Messieurs les ambassadeurs,
Messieurs les officiers attachés de Défense,
Messieurs les officiers généraux,
Mesdames, messieurs,
C'est un réel plaisir pour moi de vous accueillir à nouveau, amicalement ici, à l'occasion de cette cérémonie de vux dont nous avons pris l'habitude, et je tiens d'abord à vous remercier de votre présence.
Je voudrais surtout vous dire toute la satisfaction commune devant l'excellente qualité de notre travail tout au long de cette année extrêmement riche et intense. Si nous avons progressé, j'en suis convaincu et je tenais à le réaffirmer aujourd'hui, c'est parce que nous sommes restés unis et cohérents au sein de l'Alliance et de l'Union européenne.
Cette cohésion n'est pas seulement la conséquence d'une convergence de vues déjà acquise, elle est surtout le résultat de l'esprit de concertation et de la volonté d'échange dont nous faisons preuve. Vous avez pu le percevoir à travers nos rencontres, j'attache en effet une grande importance à l'explication et à l'analyse conjointe, vous y contribuez de manière intense et professionnelle. J'ai rencontré mes homologues de tous les pays représentés ici ou presque, soit à Paris, soit dans mes déplacements, et je poursuivrai cette démarche, notamment dans les semaines qui viennent, auprès de la présidence portugaise, aux Pays-Bas, au Canada et aux Etats-Unis.
L'année 1999 écoulée a vu, avec la crise du Kosovo et, une de ses conséquences, les progrès de l'Europe de la Défense, la preuve que nous avions pris acte de la nécessité d'élaborer et de mettre en uvre une nouvelle conception de notre défense. Les chercheurs l'affirment déjà depuis quelques années, je pense notamment au livre blanc sur la Défense de 1994 : autour du concept de défense nationale, qui garde sa force dans des situations extrêmes, il faut agir dans un cadre multilatéral et global. C'est, j'en suis convaincu, dans cette direction que nous avons avancé lors de la gestion de la crise du Kosovo et de nos rencontres européennes dans le domaine de la défense.
La crise du Kosovo
Pour ce qui concerne le Kosovo, nous avons publié nos " leçons du Kosovo ", où vous avez pu lire les principaux enseignements que nous avions tirés du conflit.
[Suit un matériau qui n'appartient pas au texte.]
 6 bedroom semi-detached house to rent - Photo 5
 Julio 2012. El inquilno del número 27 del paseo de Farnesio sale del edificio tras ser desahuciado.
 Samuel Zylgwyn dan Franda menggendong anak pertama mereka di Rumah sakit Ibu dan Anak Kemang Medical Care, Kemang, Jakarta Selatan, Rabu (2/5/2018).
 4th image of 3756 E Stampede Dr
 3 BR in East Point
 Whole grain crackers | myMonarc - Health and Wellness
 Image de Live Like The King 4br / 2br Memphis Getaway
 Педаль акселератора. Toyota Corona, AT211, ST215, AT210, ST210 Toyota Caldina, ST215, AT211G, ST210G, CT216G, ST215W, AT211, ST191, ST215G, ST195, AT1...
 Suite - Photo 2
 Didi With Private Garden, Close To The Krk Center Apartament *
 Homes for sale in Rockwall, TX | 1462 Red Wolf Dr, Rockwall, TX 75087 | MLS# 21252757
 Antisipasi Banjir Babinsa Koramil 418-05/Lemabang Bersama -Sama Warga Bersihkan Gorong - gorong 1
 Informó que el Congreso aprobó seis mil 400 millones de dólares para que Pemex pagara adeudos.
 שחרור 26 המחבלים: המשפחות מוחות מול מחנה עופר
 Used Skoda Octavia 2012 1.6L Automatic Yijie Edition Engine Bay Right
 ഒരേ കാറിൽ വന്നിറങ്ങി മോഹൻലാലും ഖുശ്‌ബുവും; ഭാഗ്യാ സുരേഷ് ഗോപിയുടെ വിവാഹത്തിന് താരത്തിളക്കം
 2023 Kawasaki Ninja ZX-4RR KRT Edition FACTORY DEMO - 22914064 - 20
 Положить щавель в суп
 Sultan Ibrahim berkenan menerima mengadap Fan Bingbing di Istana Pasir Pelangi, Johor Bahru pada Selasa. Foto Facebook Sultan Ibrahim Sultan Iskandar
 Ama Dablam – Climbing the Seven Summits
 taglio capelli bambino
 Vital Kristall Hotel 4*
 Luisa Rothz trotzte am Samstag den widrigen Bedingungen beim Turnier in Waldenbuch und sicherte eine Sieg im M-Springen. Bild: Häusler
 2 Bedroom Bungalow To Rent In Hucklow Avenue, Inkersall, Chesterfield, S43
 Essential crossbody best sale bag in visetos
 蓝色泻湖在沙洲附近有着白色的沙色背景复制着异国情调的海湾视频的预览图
Parmi elles, je tiens à relever la conviction qu'au-delà de tous les moyens mis en uvre, c'est notre cohésion politique qui nous a permis de l'emporter. Elle a fait changer l'espoir de camp, elle a fait notre force.
Signe de cette cohésion politique, nous avons su, même dans les moments les plus tendus, faire évoluer ensemble l'Alliance en l'adaptant aux nouvelles réalités de l'Europe. Le Sommet de Washington en a été l'illustration solennelle.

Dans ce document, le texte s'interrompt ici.